Secção: Competição Nacional
“28½” de Adriano Mendes (2020)
Em 2014, Adriano Mendes estreava na secção Novíssimos um pequeno e genuíno filme chamado “O Primeiro Verão”. Realizador, argumentista, protagonista, editor de som, um trabalho hercúleo que resumiu numa experiência estival de paixões e afetos tecidos pela atriz Anabela Caetano. Seis anos depois, regressa ao Indielisboa com uma segunda longa-metragem, mais madura e isento do positivismo jovial. Em “28½”, Anabela Caetano não é mais a doce razão de sorrir de Adriano Mendes, é antes disso uma jovem no limiar da sua juventude, tendo resistir às adversidades do qual nunca esteve preparada. Um filme na porta da maturidade, um ensaio de defraudações cujo sorriso é uma mera miragem. O mundo é impiedoso, bem nós sabemos, e Adriano Mendes parece saborear isso mesmo, essa crueldade silenciosa.
Secção Especial
“Um Animal Amarelo” (Felipe Bragança, 2020)

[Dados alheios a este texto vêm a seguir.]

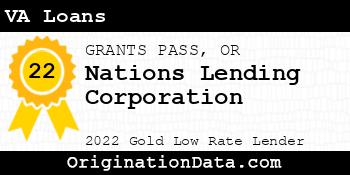 Nations Lending Corporation VA Loans gold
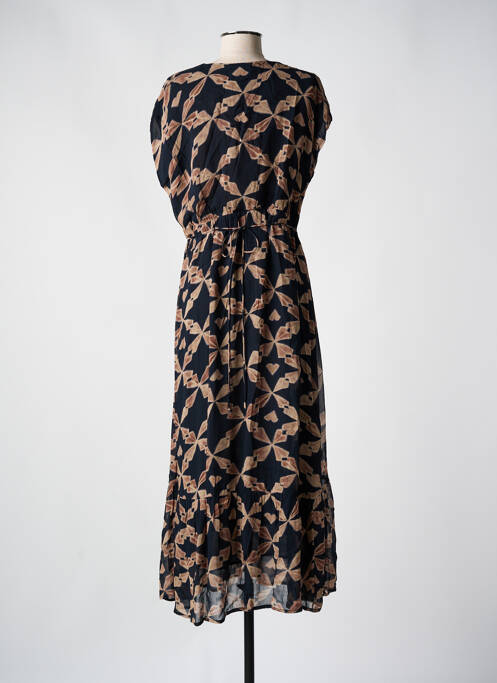 Rochie lungă negru FROGBOX femeie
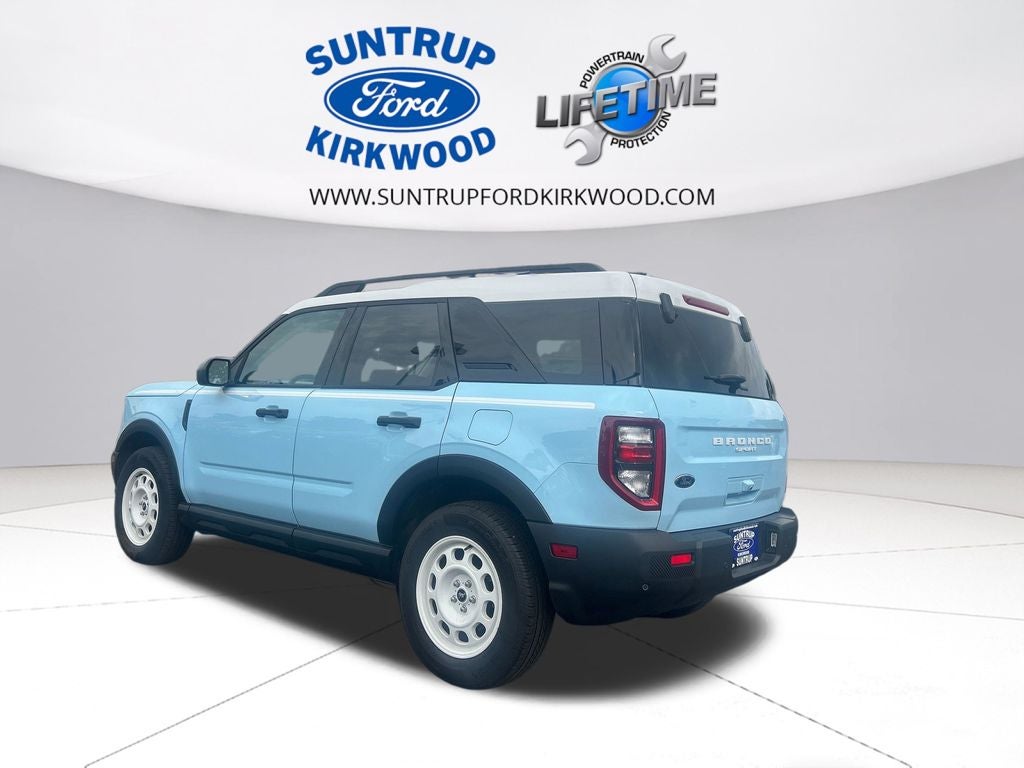 2025 Ford Bronco Sport Heritage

O colonialismos, as suas cicatrizes e “vícios”, se destacaram como uns dos temas essenciais da programação do 17º Indielisboa, e que forma de sintetizar essa mesma seleção do que encerrar com o título “Um Animal Amarelo”, coprodução luso-brasileira de Felipe Bragança. O enredo segue um patético aspirante a cineasta acompanhado pelo fémur dos seus antepassados e de uma maldição em forma dum animal peludo e … amarelo, que parte do Brasil para Moçambique na esperança de encontrar riquezas, perdendo em desventuras e um punhado de acasos. Ditado como uma fábula moral, “Um Animal Amarelo” presta-se como um despertar para novas consciências e inseri-las em novas narrativas sem as de ativismo propagandista ou evidente. É uma piada mirabolante sobre o privilégio branco, até porque está na altura de encarar isso como tal.